The critical question is whether the New Jersey Legislature intended to exclude from a corporation's net income base 100% of the dividends that it receives from an indirectly-owned subsidiary. We look first at the statutory language. It is a well-established principle of statutory construction that a court should follow the clear import of statutory language. Fedders Fin.Corp. v. Director, Div. of Taxation, 96 N.J. at 385, 476 A.2d 741. Neither N.J.S.A. 54:10A-4(k)(1) nor N.J.S.A. 54:10A-(4)(d) contains an express requirement of record ownership. Section 4(k)(1) refers to "ownership of investment" and section 4(d)(1) speaks in terms of "total combined voting power." Therefore, to aid in interpreting the statute, we look beyond the plain words of the statute to examine, first, the Legislature's purpose in adopting the 80%-of-ownership-of-investment requirement, and second, the ordinary and well-understood meaning of ownership in the corporate world. Such an examination discloses that the Legislature intended that the 80%-ownership test be satisfied by aggregating a corporate taxpayer's stock with that of its wholly-owned subsidiary in a dividend-paying subsidiary.
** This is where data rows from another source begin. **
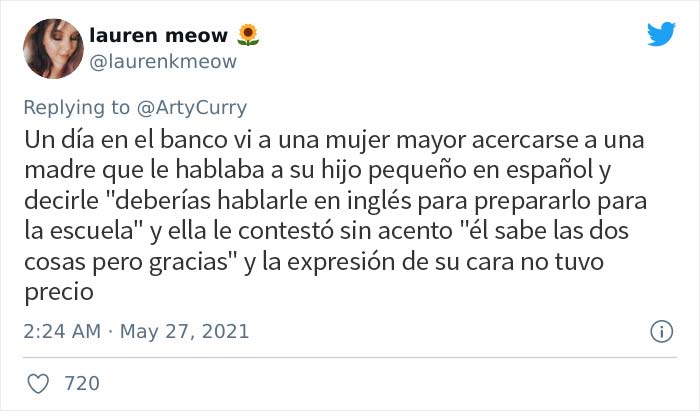 La gente comparte en Internet historias sobre las veces que les llamaron la atención por no hablar inglés en EE.UU.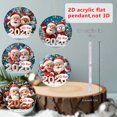 thumbnail image 3 of Uuiauoio 2D Flat Acrylic Christmas Hanging Ornament, Winter Themed Tree Decoration for Home Display, Christmas Ornament Xmas Cute Decorations for Tree Xmas Hanging Decor, 3 of 3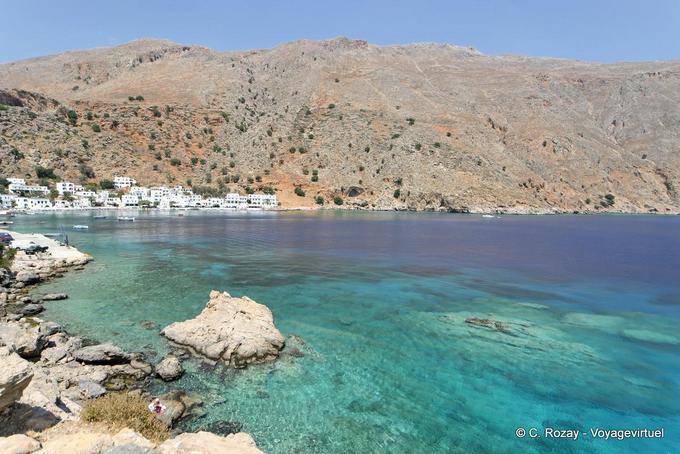 Charme d'Afrique du Nord pour Loutro - Crète, Grèce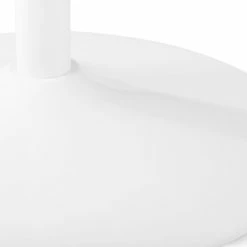 Best Pirce ❤️ Julian Bowen Blanco Round White Pedestal Dining Table with 4 Kari Dining Chairs 🎉 -Julian Bowen Sales Store 30794145 alt03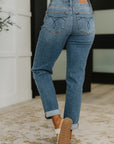 Colette Mid Rise Boyfriend Classic Cuffed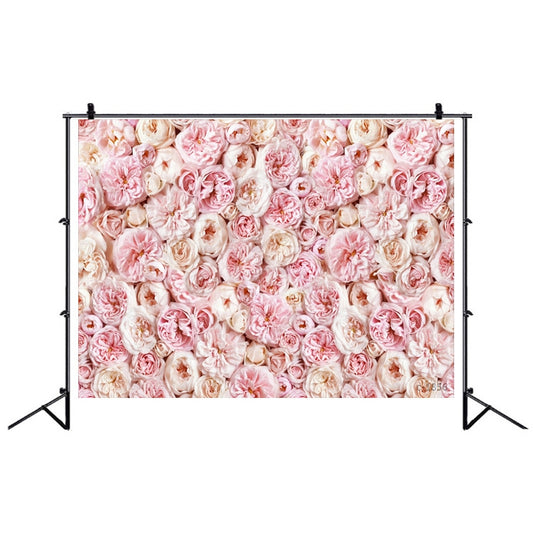 2.1 X 1.5m Festive Photography Backdrop 3D Wedding Flower Wall Hanging Cloth, Style: C-1856 by buy2fix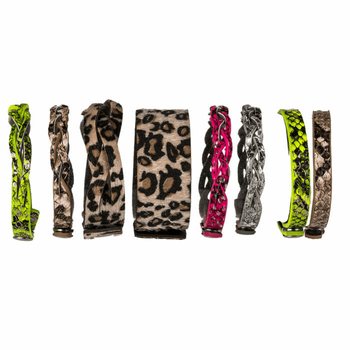 **MEGA LACN&Eacute;** KOMPLETN&Yacute; OTOČN&Yacute; STOJAN S BIŽUT&Eacute;RIOU A DOPLNKAMI S ANIMAL PRINT (180 ks)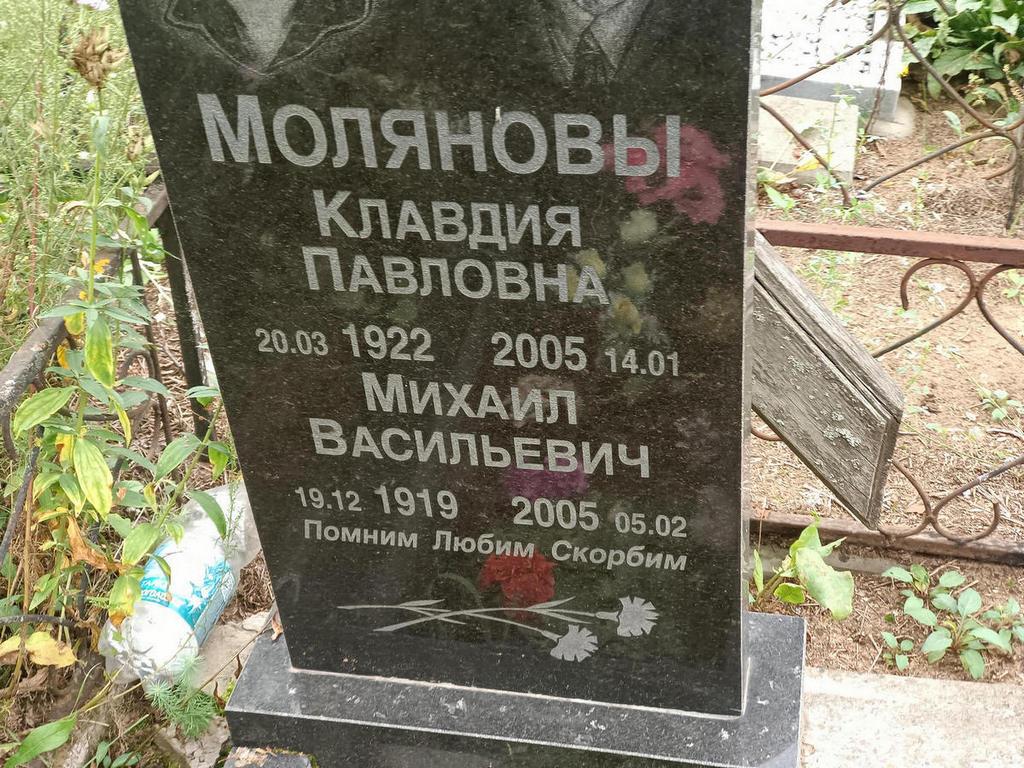 Молянова Клавдия Павловна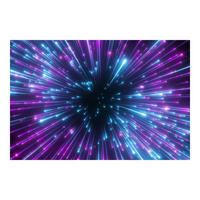 FOTOTAPETE Neon Feuerwerk 384/255 cm - Violett, Papier (384/255cm) - Bilderwelten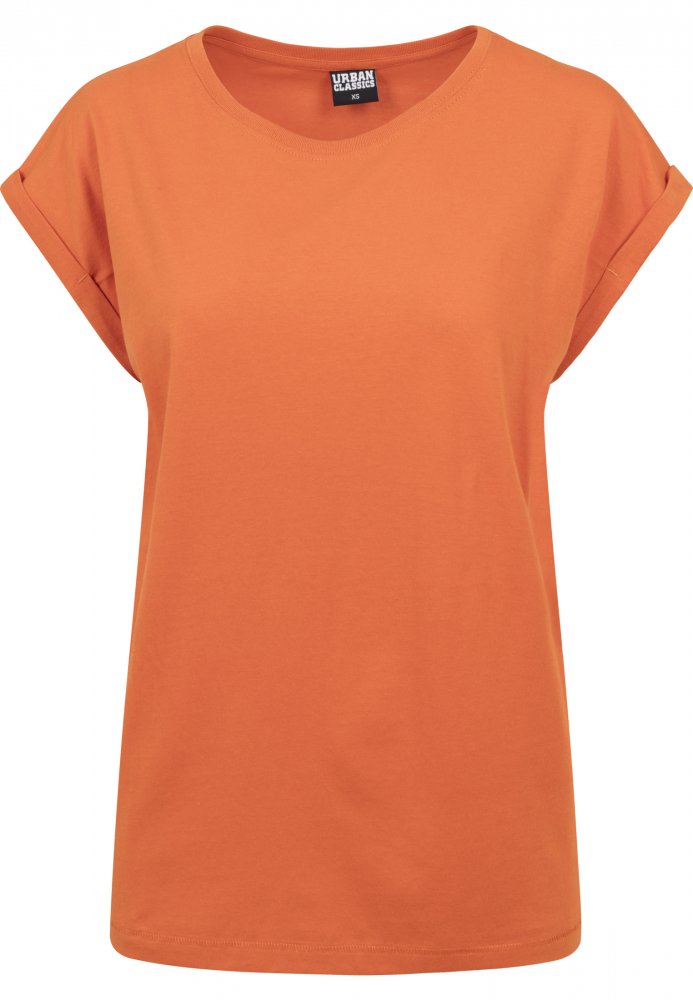 Tričko Urban Classics Ladies Extended Shoulder Tee - rust orange XL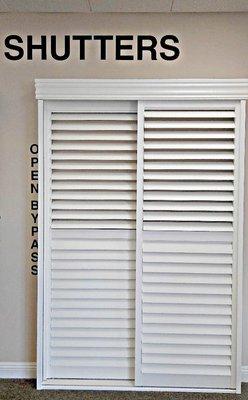 There are so many options with shutters.  We can even provide coverage for your sliding glass doors!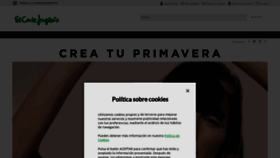 What Elcorteingles.es website looked like in 2019 (5 years ago)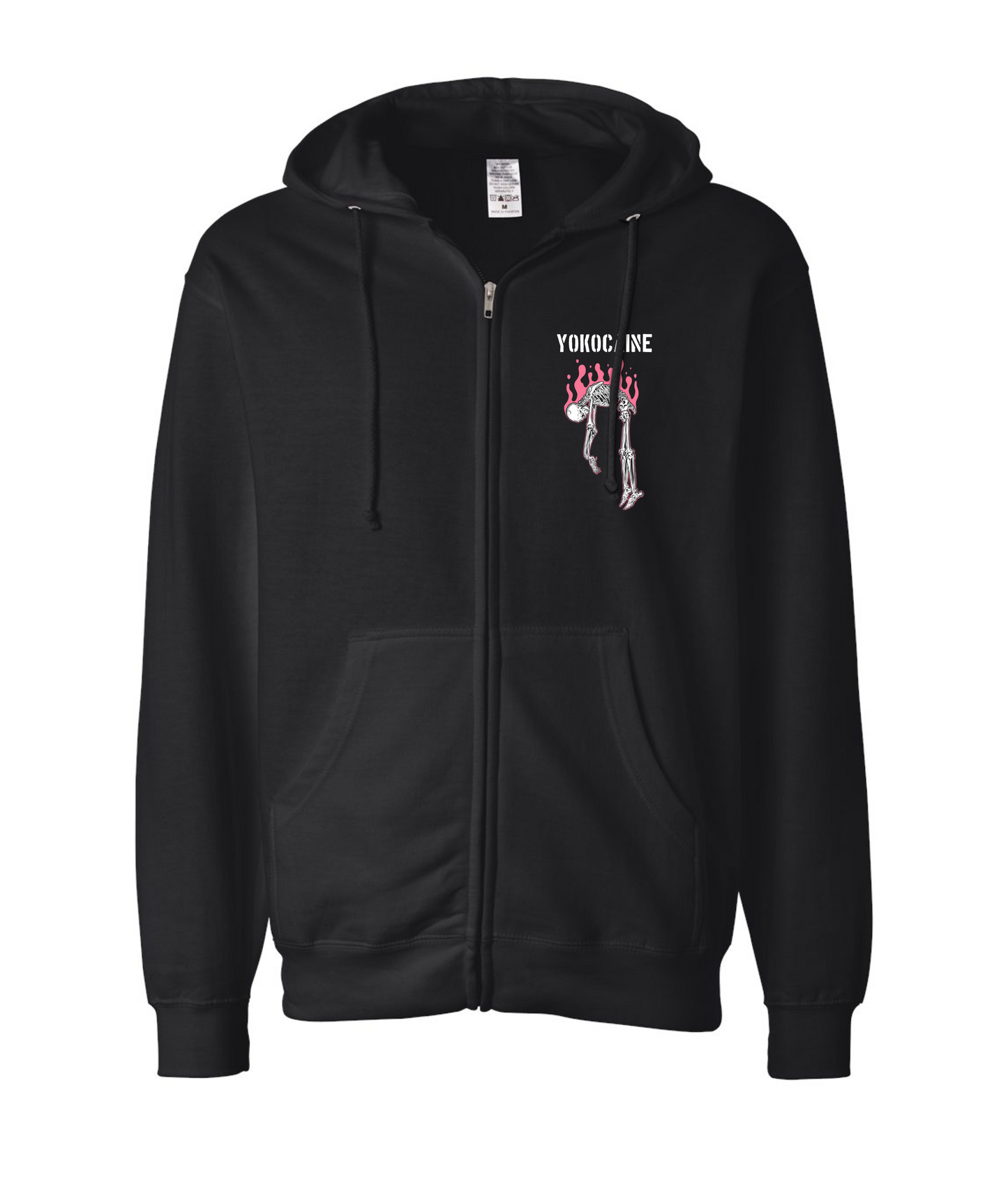 Yokocaine - Skeleton - Black Zip Up Hoodie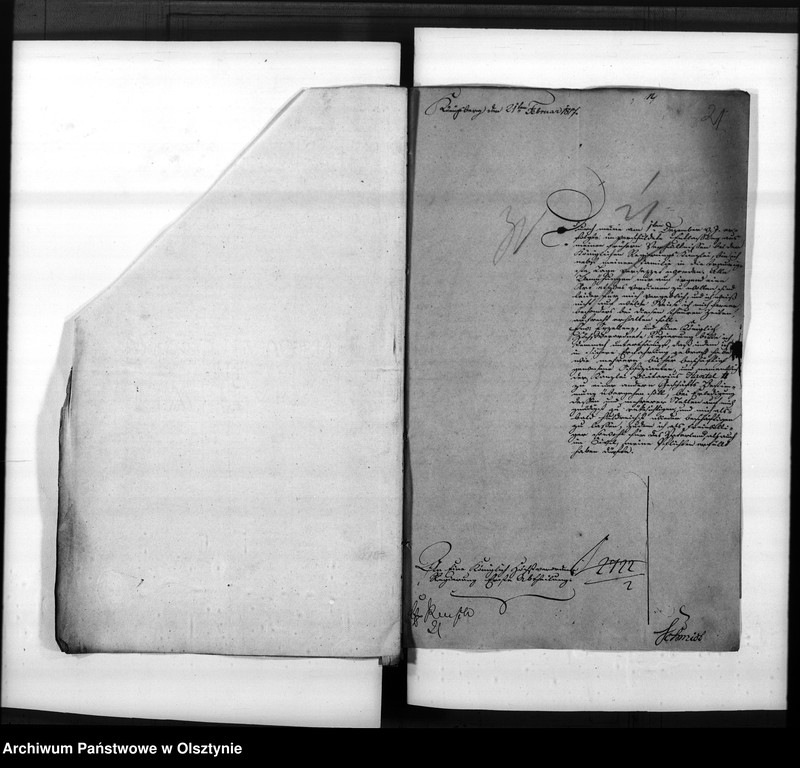 image.from.unit.number "Anstellung des Kanzleigehülfen Schidt [Friedrich]"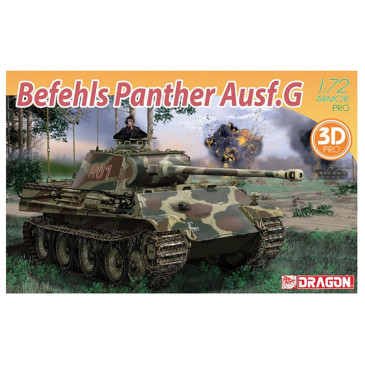 Char / Panther de commandement Ausf.G - DRAGON 7698 - 1/72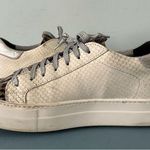 P448 Thea Python Roccia White Leather Platform Sneakers Photo 4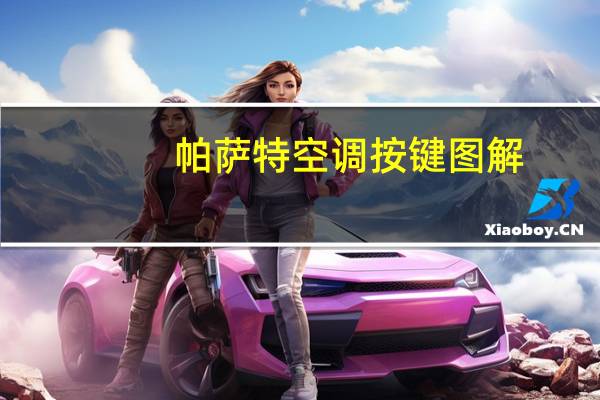 帕萨特空调按键图解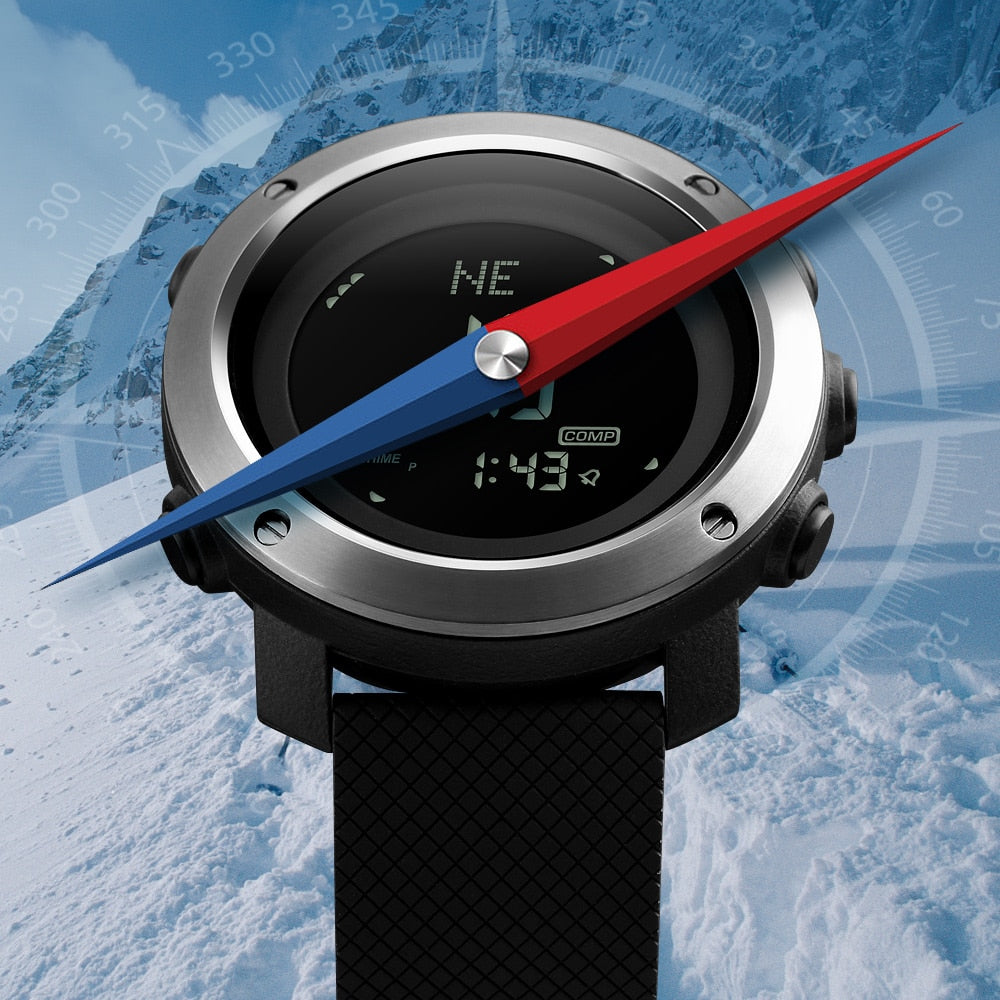 SKMEI 1427-belt type  altimeter barometer thermometer altitude men's digital watch sports clock mountain climbing hiking watch Monterey - Korvel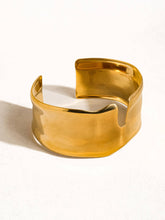Load image into Gallery viewer, Clyde 18K Gold Non-Tarnish Abstract Bold Bangle: Yellow Gold

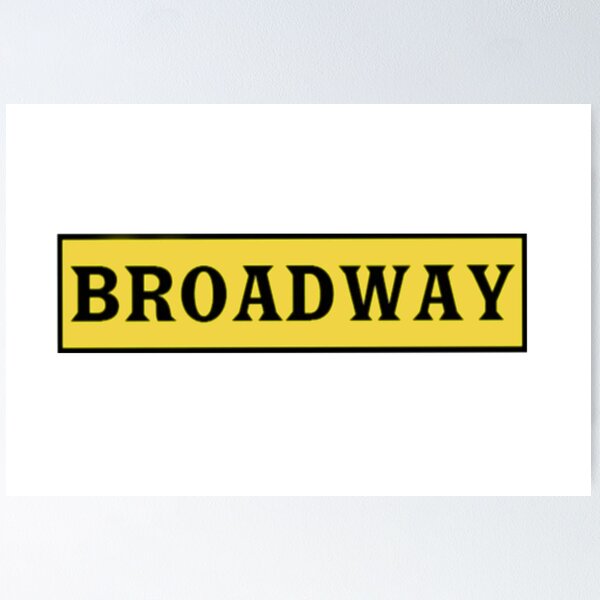 Item preview, Broadway Sign designed and sold by baranskini.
First, the terms used by the Legislature in N.J.S.A. 54:10A-4(k)(1), and in the pertinent part of N.J.S.A. 54:10A-4(d), all reflect the same objective. That objective, revealed in the first sentence of section 4(k)(1), is to provide relief from the potential double taxation that inheres in the taxation of corporate dividends received from a corporate subsidiary.

The 1968 amendments to the Corporation Business Tax Act, L. 1968, c. 250, which provide for the 100% exclusion of subsidiary dividends and for the section 4(d) definition of subsidiary, were designed to implement the recommendations of the State Tax Policy Commission (the Commission). It is clear that a major concern of then-Governor Richard J. Hughes and the Commission was to remove impediments to New Jersey's economic growth. Among those impediments was the treatment "afforded corporations which do business in New Jersey but also have substantial investment in subsidiaries, especially foreign subsidiaries incorporated in foreign countries and in other states." Commission on State Tax Policy, The 12th Report at XV (1968). By letter to Senator Toolan, Governor Hughes requested the Commission to study a number of proposals, including a proposal to eliminate the "taxation of dividends received by a parent company from a subsidiary company ..." Letter from Governor Richard J. Hughes to Senator John E. Toolan (May 25th, 1967), reprinted in Commission on State Tax Policy, The 12th Report at 115. Moreover, the Governor requested the Commissioner "to review the New Jersey corporate tax structure, with particular reference to its effect on the location of corporate headquarters and their capital investment employment in the state." Commission on State Tax Policy, The 12th Report at 31. The Commission's Report found that two of the three significant areas of inequity in the corporate-tax law, as it stood prior to the amendments, were its treatment of subsidiary capital and subsidiary dividends. Id. at 44. It considered those two areas of inequity to be negative factors when corporations considered where to locate their headquarters. The Commission...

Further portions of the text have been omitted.